In response to that January letter, signed by 45 environmental organizations and community leaders, the governor’s office said Mr. Wolf doesn’t have the authority to override a DEP decision — but Gillian Graber, executive director of Protect PT, said it seems he just doesn’t want to get involved.
“We think the governor does have the ability to revoke the permit,” Ms. Graber said. “We think the state is playing with fire by injecting fluids into wells that are not pressurized and are not built to be pressurized over and over again, and I’m certain that if this well is allowed to go forward, it could contaminate the river.”

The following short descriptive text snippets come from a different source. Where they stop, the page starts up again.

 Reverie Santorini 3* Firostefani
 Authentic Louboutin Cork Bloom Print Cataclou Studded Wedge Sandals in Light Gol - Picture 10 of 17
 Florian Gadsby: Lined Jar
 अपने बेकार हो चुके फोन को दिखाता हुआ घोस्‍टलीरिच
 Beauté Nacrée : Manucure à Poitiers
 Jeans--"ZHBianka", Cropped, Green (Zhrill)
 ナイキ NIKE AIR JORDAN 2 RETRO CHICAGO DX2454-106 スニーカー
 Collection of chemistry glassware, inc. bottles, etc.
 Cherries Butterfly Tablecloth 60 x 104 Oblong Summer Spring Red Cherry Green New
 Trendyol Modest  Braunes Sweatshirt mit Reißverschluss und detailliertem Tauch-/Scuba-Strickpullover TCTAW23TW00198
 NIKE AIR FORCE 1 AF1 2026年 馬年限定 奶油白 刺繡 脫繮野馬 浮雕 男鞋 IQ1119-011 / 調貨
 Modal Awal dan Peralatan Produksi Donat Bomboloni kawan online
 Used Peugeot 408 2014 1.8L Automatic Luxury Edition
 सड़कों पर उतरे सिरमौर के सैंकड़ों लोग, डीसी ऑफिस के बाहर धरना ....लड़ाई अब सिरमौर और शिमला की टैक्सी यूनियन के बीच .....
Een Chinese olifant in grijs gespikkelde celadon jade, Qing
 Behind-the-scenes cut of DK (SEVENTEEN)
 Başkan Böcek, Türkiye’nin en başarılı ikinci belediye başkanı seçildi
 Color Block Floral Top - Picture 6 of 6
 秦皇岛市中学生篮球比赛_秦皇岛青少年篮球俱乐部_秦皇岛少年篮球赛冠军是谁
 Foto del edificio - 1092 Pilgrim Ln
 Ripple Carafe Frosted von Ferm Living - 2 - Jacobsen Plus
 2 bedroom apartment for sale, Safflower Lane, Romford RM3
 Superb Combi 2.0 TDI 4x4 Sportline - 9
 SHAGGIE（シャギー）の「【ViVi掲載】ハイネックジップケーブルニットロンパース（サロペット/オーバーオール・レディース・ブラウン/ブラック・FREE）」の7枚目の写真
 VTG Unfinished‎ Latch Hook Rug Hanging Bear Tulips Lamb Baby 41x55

The Sedat well in Plum, which Penneco wants to use to inject shale gas drilling brine more than 1,900 feet underground, was drilled in 1989 into the Murrysville sandstone formation but never put into oil and gas production. Anthony Ingraffea, a Cornell University engineering professor working with the community organizations, reviewed the well and questioned whether its more than 30year- old cement casing could withstand repeated pressurized injections.
“Ingraffea told us the well was not designed to be an injection well, was not designed to accept fluids under pressurized conditions,” Ms. Graber said. “There’s a fatigue effect when you repeatedly bend a piece of metal. Eventually, it breaks.”
Penneco has said the well is structurally sound, noting that all the issues raised in the January letter to the governor had been settled to the satisfaction of the DEP.
Chief Operating Officer Ben Wallace said Penneco began accepting wastewater at the well in December, started test injections in March, and wants to begin commercial operations within a month.
“We understand the concerns of the public. Deep injection wells sound scary to the man on the street, but in reality, injection is the preferred method of disposal favored by the DEP and [U.S. Environmental Protection Agency],” Mr. Wallace said. “In this situation, we’re injecting brine into formations already containing brine.”
The Peduto-Pickering letter focused on the potential risk of costly water source contamination.
“Our customers should not have to foot the bill to remedy issues created by Penneco because it chose a high-risk location for its brine injection well,” the letter says. “In the case of Penneco’s brine injection well, Penneco reaps the reward and the residents of Pittsburgh sustain the risk.”
The PWSA, in an email response to questions about that letter, said its primary concern was related to the potential for contamination of the Allegheny, the water source for 300,000 residents and businesses.
The authority said it had not received a reply from the governor.
“PWSA is not an expert on the breadth and depth of the governor’s authority,” Mr. Pickering wrote, after detailing more than a billion dollars of water quality and system improvements.
“We are obligated to protect our customers from negative water quality impacts and unnecessary costs caused by actionswhich provide no benefit to customers. Every dollar spent on mitigating a negative impact caused by the Plum injection well is a dollar that cannot be spent on projects that will meet the needs of our customers.”
A spokesman for Mr. Peduto declined to comment beyond what was in the letter.
The Penneco Class II injection well — the first permitted in Allegheny County — is one of 13 permitted for disposal of oil and gas drilling and fracking wastewater in the state, according to the DEP. Eight are in operation.
Mr. Pickering said Penneco has other options for locating a shale gas drilling wastewater well and that the company should “shutter” the Plum site.
He said with new information about risks coupled with declining shale gas drilling, the governor may be able to convince Penneco that the Plum well is “at the wrong place at the wrong time.”
“There should be balance between the risk and reward for this project,” Mr. Pickering wrote, “and it should not put neighboring communities at risk.”
About 180,000 Class II wells are operating in the U.S., and 36,000 of them, or 20%, are used to dispose of oil and gas drilling and fracking wastewater. The EPA estimates that more than 2 billion gallons of those fluids are injected into the wells each day, mostly in Texas, California, Oklahoma and Kansas.